BEGIN Records for processing

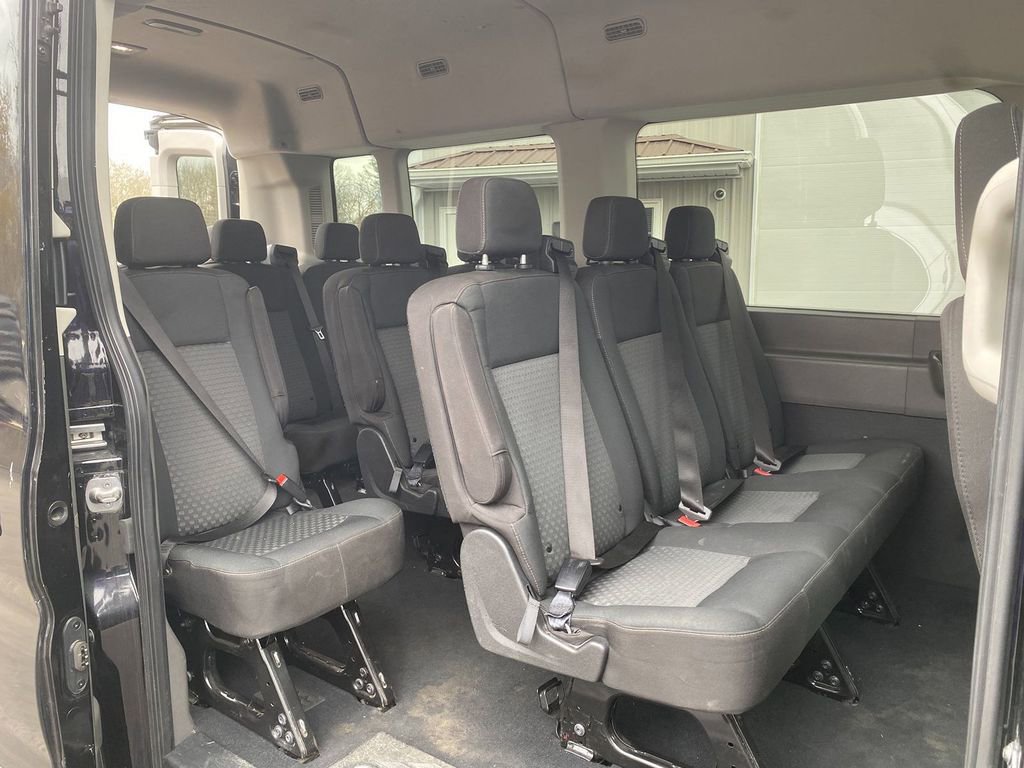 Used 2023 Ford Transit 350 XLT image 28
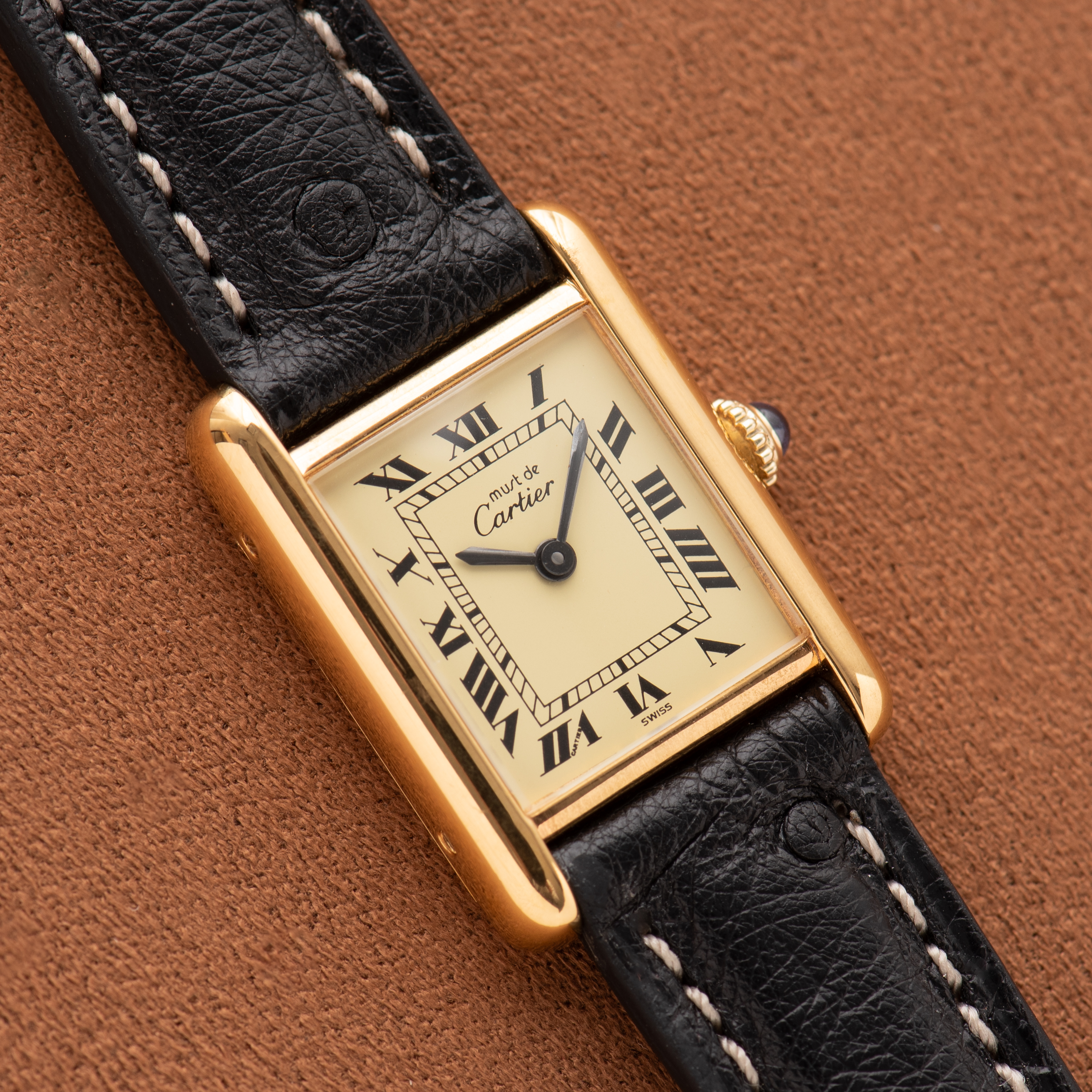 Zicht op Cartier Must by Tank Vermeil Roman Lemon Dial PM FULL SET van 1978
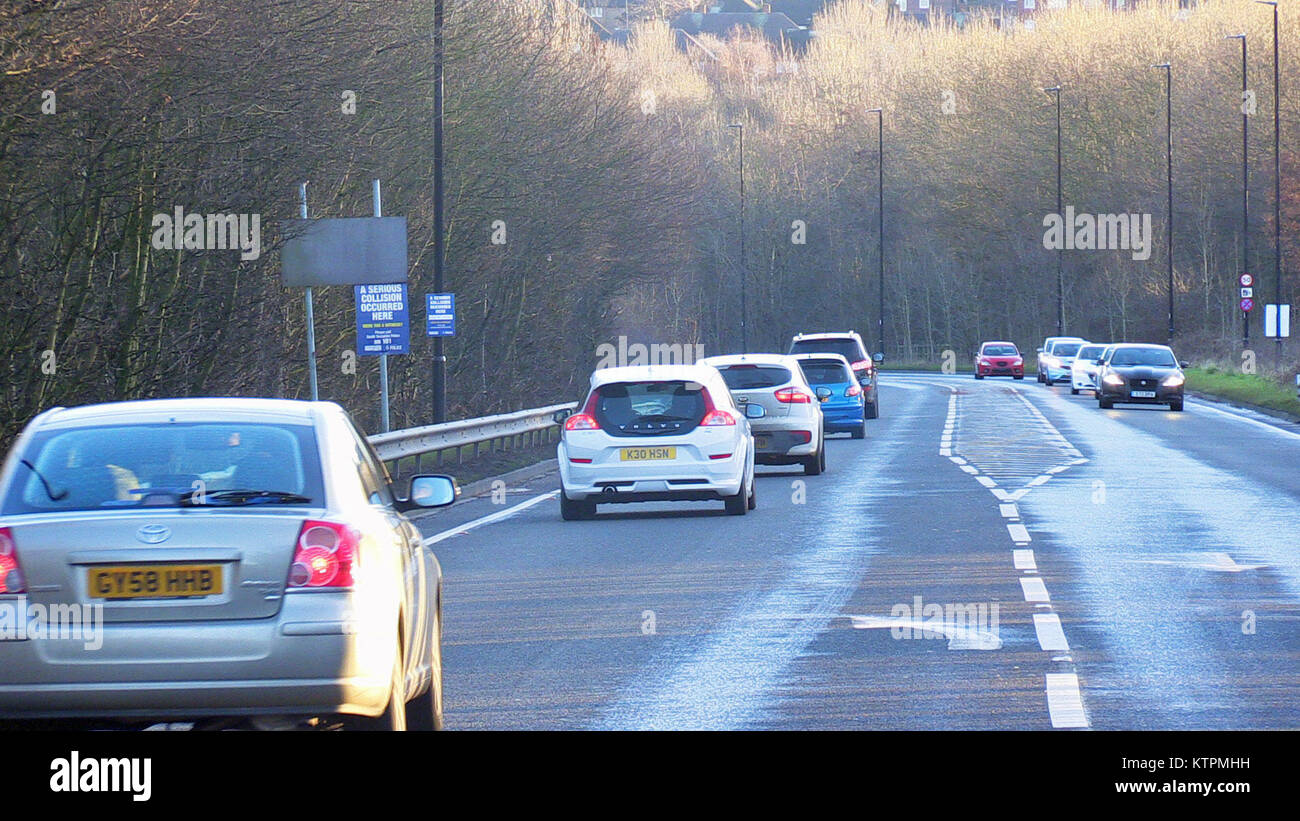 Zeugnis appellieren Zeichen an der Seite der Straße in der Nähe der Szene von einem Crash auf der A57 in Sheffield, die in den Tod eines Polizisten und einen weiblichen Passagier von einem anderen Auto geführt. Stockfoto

END Records for processing
BEGIN Records for processing

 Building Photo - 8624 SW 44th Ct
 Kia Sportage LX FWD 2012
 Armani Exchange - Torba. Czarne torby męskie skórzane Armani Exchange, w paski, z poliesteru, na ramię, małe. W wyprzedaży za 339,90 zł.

END Records for processing

▸ Exercise
Text only, no pictures: please print exactly the lines above from the line with "Used 2023 Ford Transit 350 XLT image 28" up to and including the line with "Zeugnis appellieren Zeichen", and nothing else.

▸ Answer box
 Used 2023 Ford Transit 350 XLT image 28
 Zicht op Cartier Must by Tank Vermeil Roman Lemon Dial PM FULL SET van 1978
 Zeugnis appellieren Zeichen an der Seite der Straße in der Nähe der Szene von einem Crash auf der A57 in Sheffield, die in den Tod eines Polizisten und einen weiblichen Passagier von einem anderen Auto geführt. Stockfoto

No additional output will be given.